Exercise aim -
Once the images are set aside, output the listing exactly as it stands.

(Supplied entries Opens)

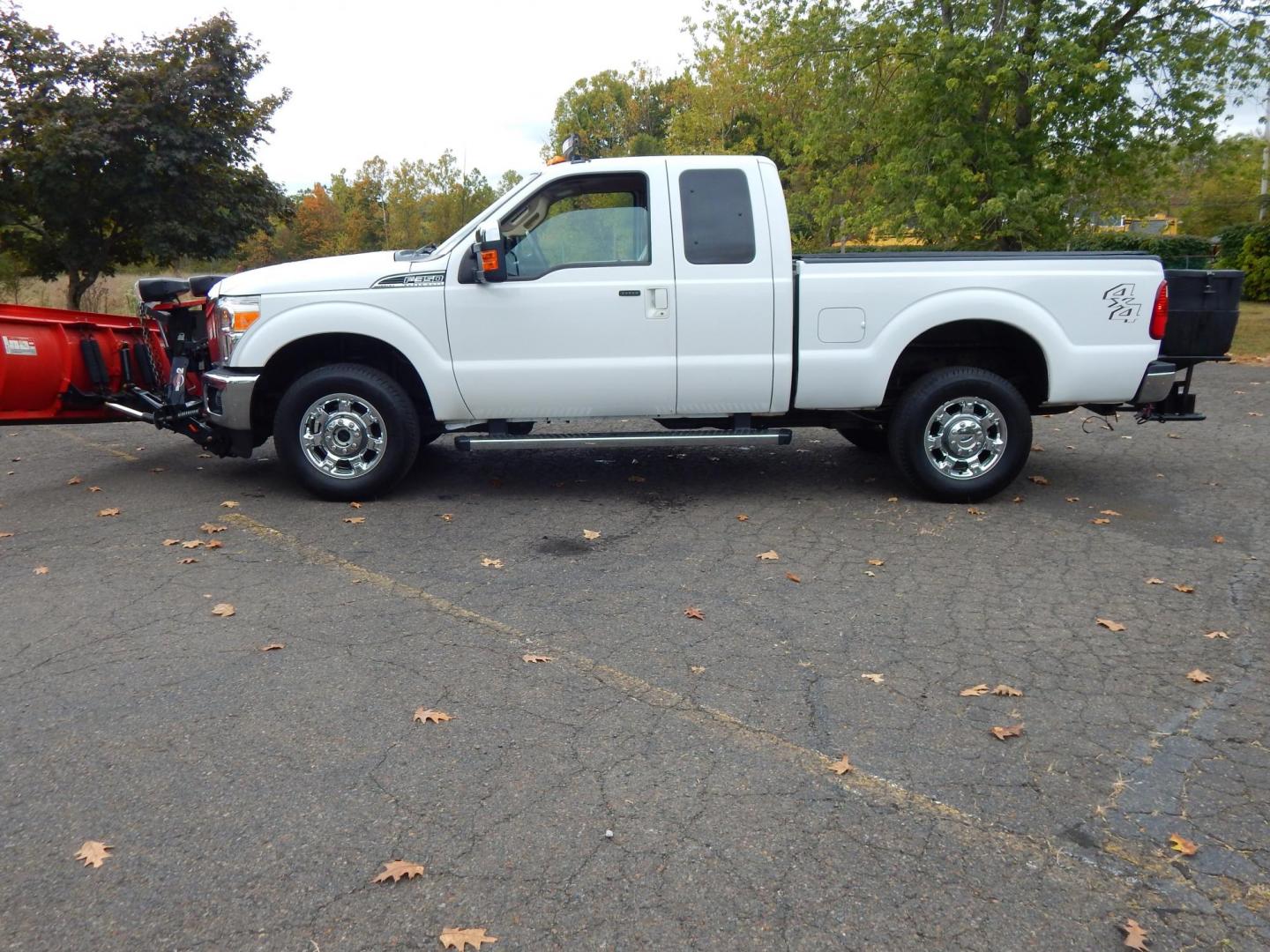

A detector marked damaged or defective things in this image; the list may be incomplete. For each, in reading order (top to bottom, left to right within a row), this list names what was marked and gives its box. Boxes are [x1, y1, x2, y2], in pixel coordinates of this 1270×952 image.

cracked asphalt [0, 360, 1265, 949]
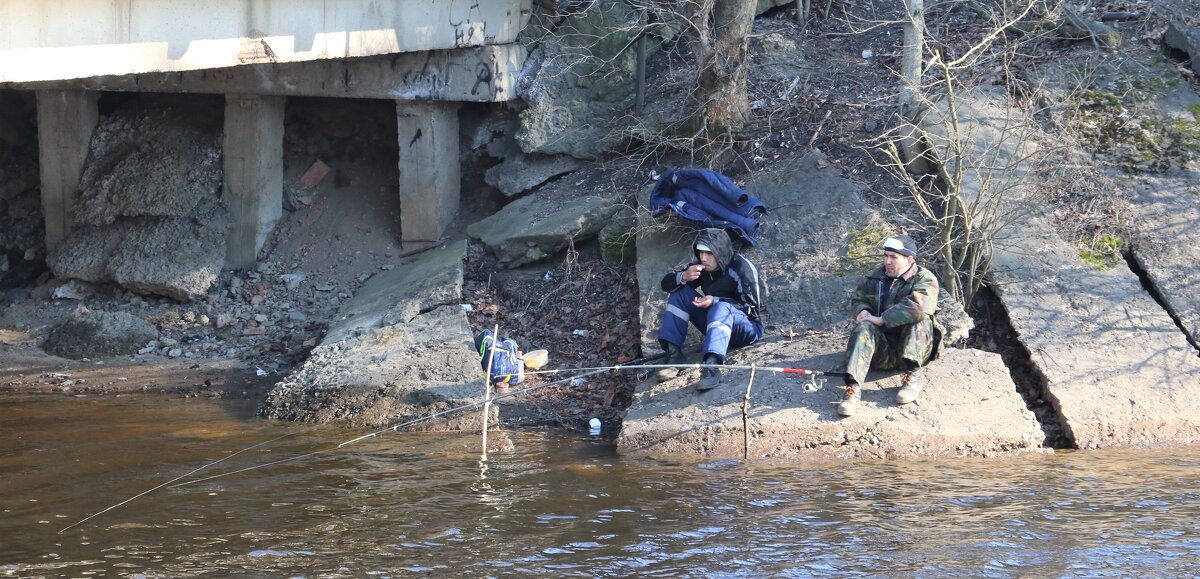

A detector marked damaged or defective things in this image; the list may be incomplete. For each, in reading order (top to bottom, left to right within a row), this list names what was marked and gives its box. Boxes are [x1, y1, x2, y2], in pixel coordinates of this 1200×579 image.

broken concrete slab [324, 239, 468, 344]
broken concrete slab [486, 152, 584, 197]
broken concrete slab [466, 194, 620, 268]
broken concrete slab [948, 86, 1200, 450]
broken concrete slab [262, 304, 488, 430]
broken concrete slab [620, 342, 1040, 460]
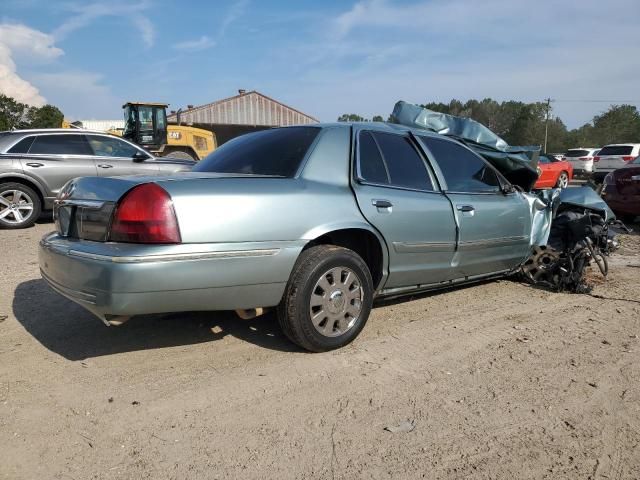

(Supplied entries Closes)

Output of the task -
A detector marked damaged or defective things in this image; the list may be incomplete. For each, in reading order (top to bottom, left to right within a row), this list names what was marked and gives its box. Boxes are [x1, y1, x2, y2], in pixel coordinates of this 1270×952 image.

cracked asphalt [0, 360, 1265, 949]

A detector marked damaged or defective things in this image; the list may be incomplete. For each, in reading order (top to bottom, left to right within a row), this list names what was marked and gives its box. Boxes are [x1, y1, x2, y2], in pixel coordinates of this 1200×579 image.

broken concrete slab [324, 239, 468, 344]
broken concrete slab [486, 152, 584, 197]
broken concrete slab [466, 194, 620, 268]
broken concrete slab [948, 86, 1200, 450]
broken concrete slab [262, 304, 488, 430]
broken concrete slab [620, 342, 1040, 460]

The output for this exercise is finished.